WORK ORDER: Your reply should be the whole listing, copied exactly, with the pictures left out.

DATA BELOW:

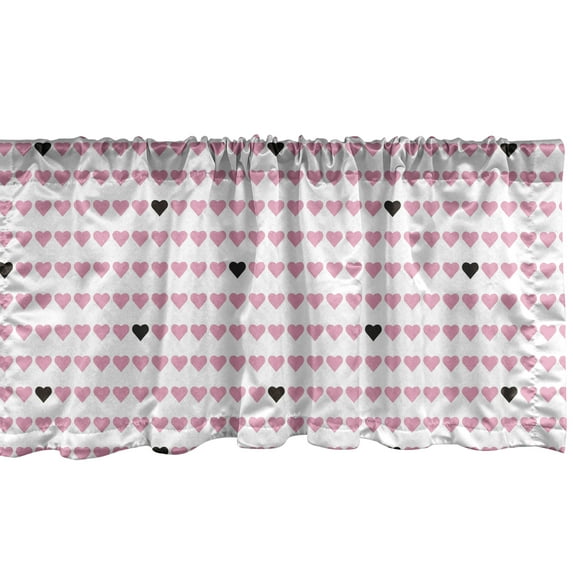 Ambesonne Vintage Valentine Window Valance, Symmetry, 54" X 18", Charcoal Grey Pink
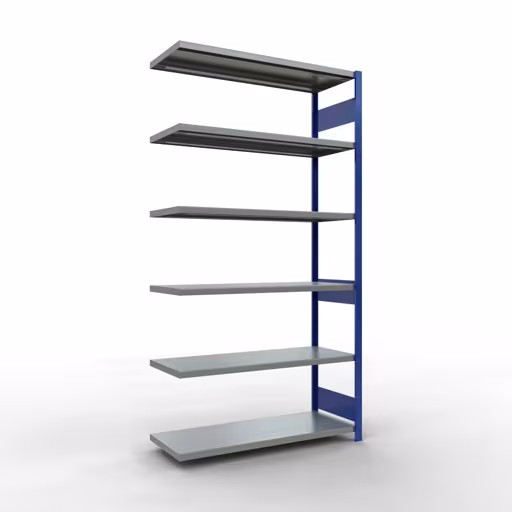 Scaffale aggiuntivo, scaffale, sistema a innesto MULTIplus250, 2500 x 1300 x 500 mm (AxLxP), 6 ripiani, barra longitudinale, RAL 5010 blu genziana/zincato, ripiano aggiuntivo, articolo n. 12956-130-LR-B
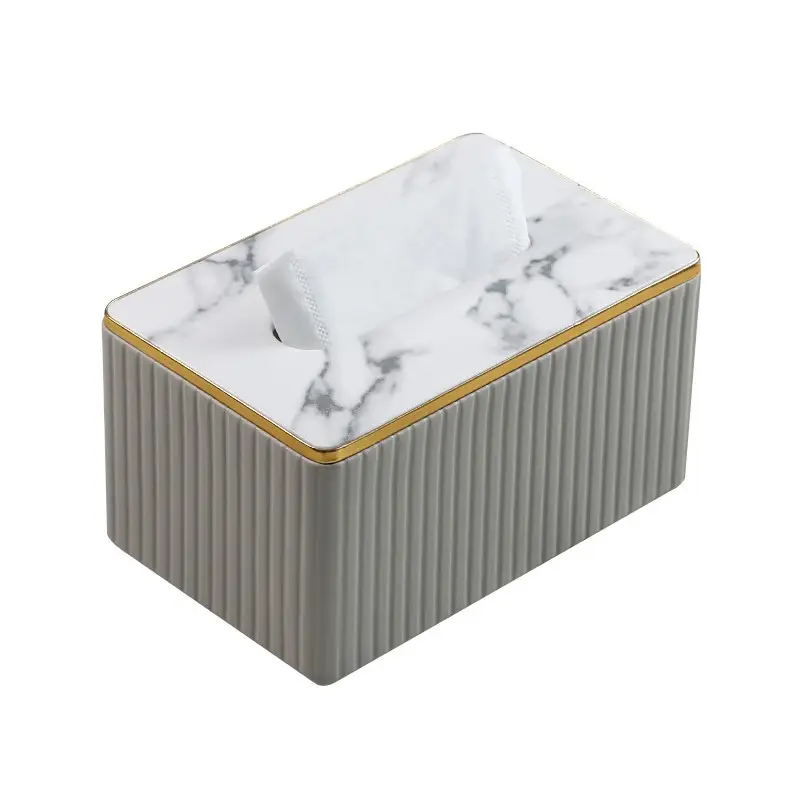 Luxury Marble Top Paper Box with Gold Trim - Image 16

RESULT OF THIS TASK:
 Ambesonne Vintage Valentine Window Valance, Symmetry, 54" X 18", Charcoal Grey Pink
 Scaffale aggiuntivo, scaffale, sistema a innesto MULTIplus250, 2500 x 1300 x 500 mm (AxLxP), 6 ripiani, barra longitudinale, RAL 5010 blu genziana/zincato, ripiano aggiuntivo, articolo n. 12956-130-LR-B
 Luxury Marble Top Paper Box with Gold Trim - Image 16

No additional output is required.